Will you output the entries below exactly, skipping every image they contain?

§ **Provided data**:

******

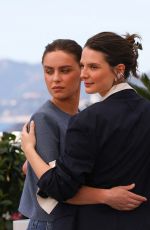 JOSEPHINE JAPY at The Wonderers Photocall at 2025 Cannes Film Festival 05/15/2025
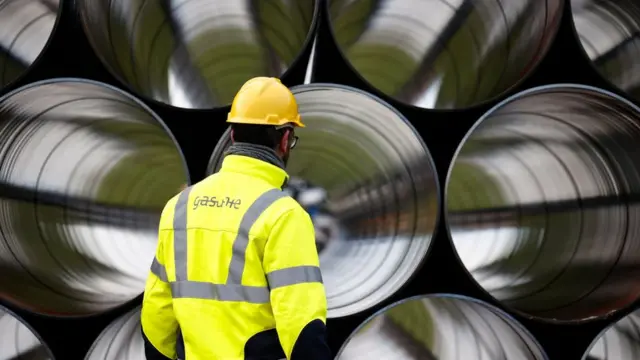 Труби для газопроводу в Гамбург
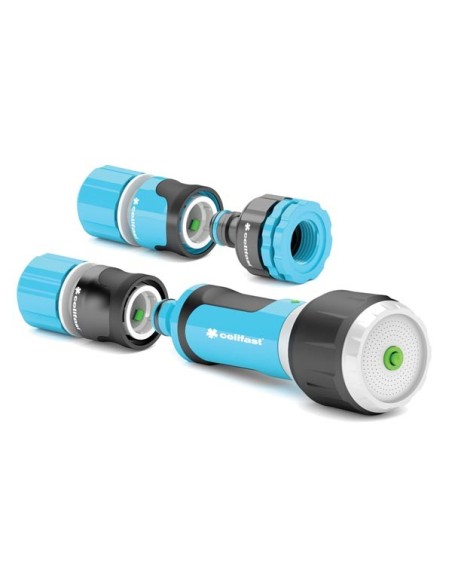 CELLFAST - SET MET MUTIFUNCTIONEEL SPROEIPISTOOL - ERGO - 1/2"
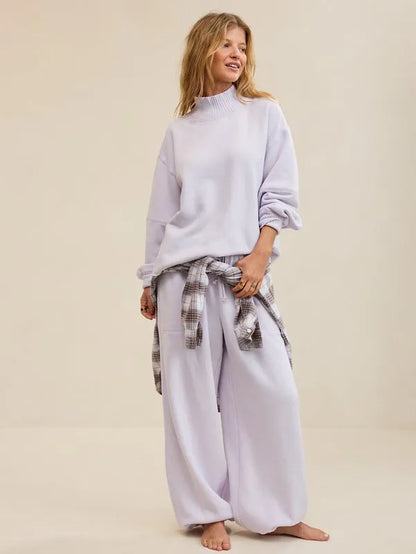 Aerie Layover Mockneck Sweatshirt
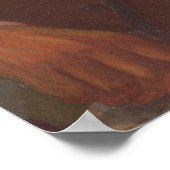 Vader van de kunstenaar - Kulhanek Portrait (1942) Poster (Hoek)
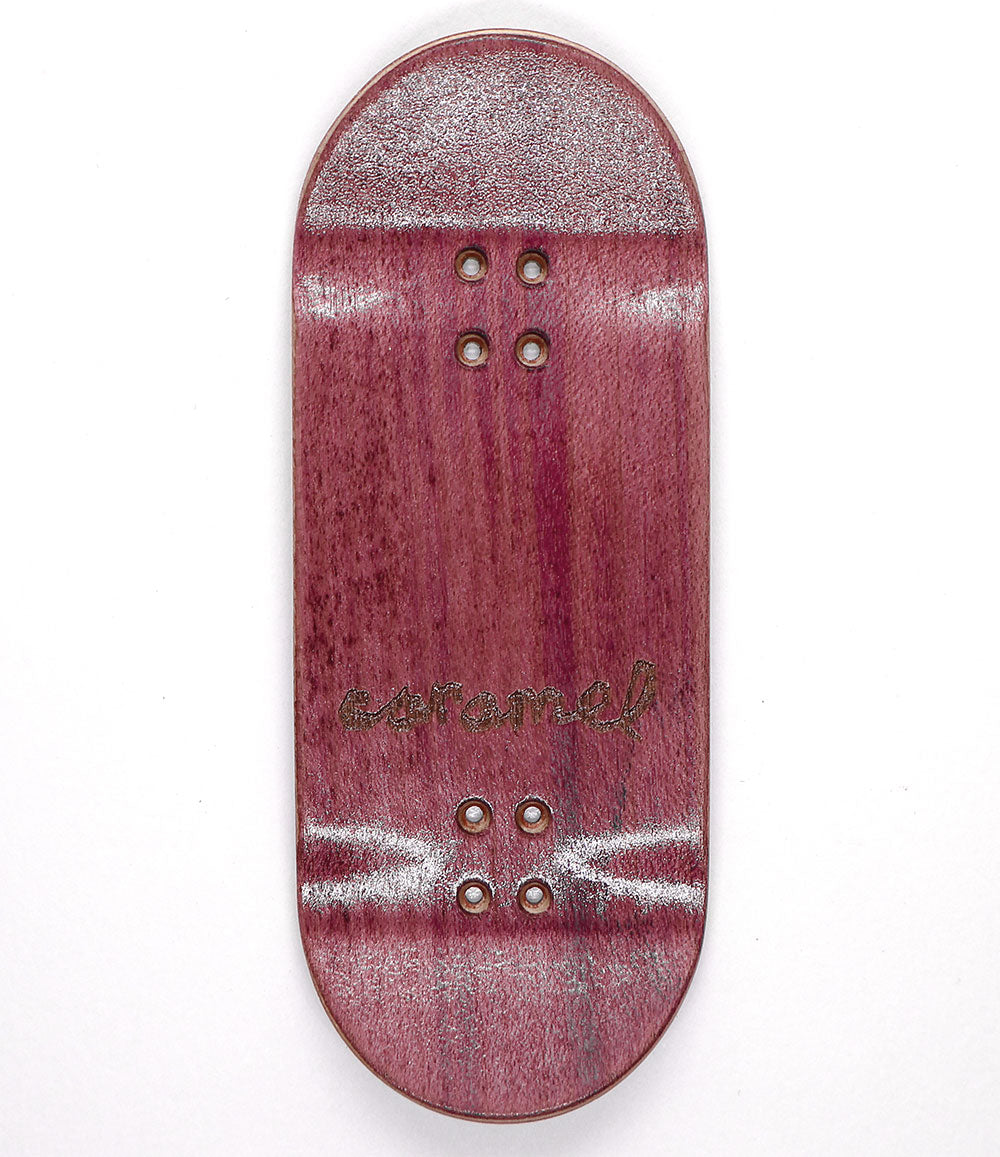Caramel Melting Sundae Fingerboard Deck 38mm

******

§ **Answer**:
 JOSEPHINE JAPY at The Wonderers Photocall at 2025 Cannes Film Festival 05/15/2025
 Труби для газопроводу в Гамбург
 CELLFAST - SET MET MUTIFUNCTIONEEL SPROEIPISTOOL - ERGO - 1/2"
 Aerie Layover Mockneck Sweatshirt
 Vader van de kunstenaar - Kulhanek Portrait (1942) Poster (Hoek)
Caramel Melting Sundae Fingerboard Deck 38mm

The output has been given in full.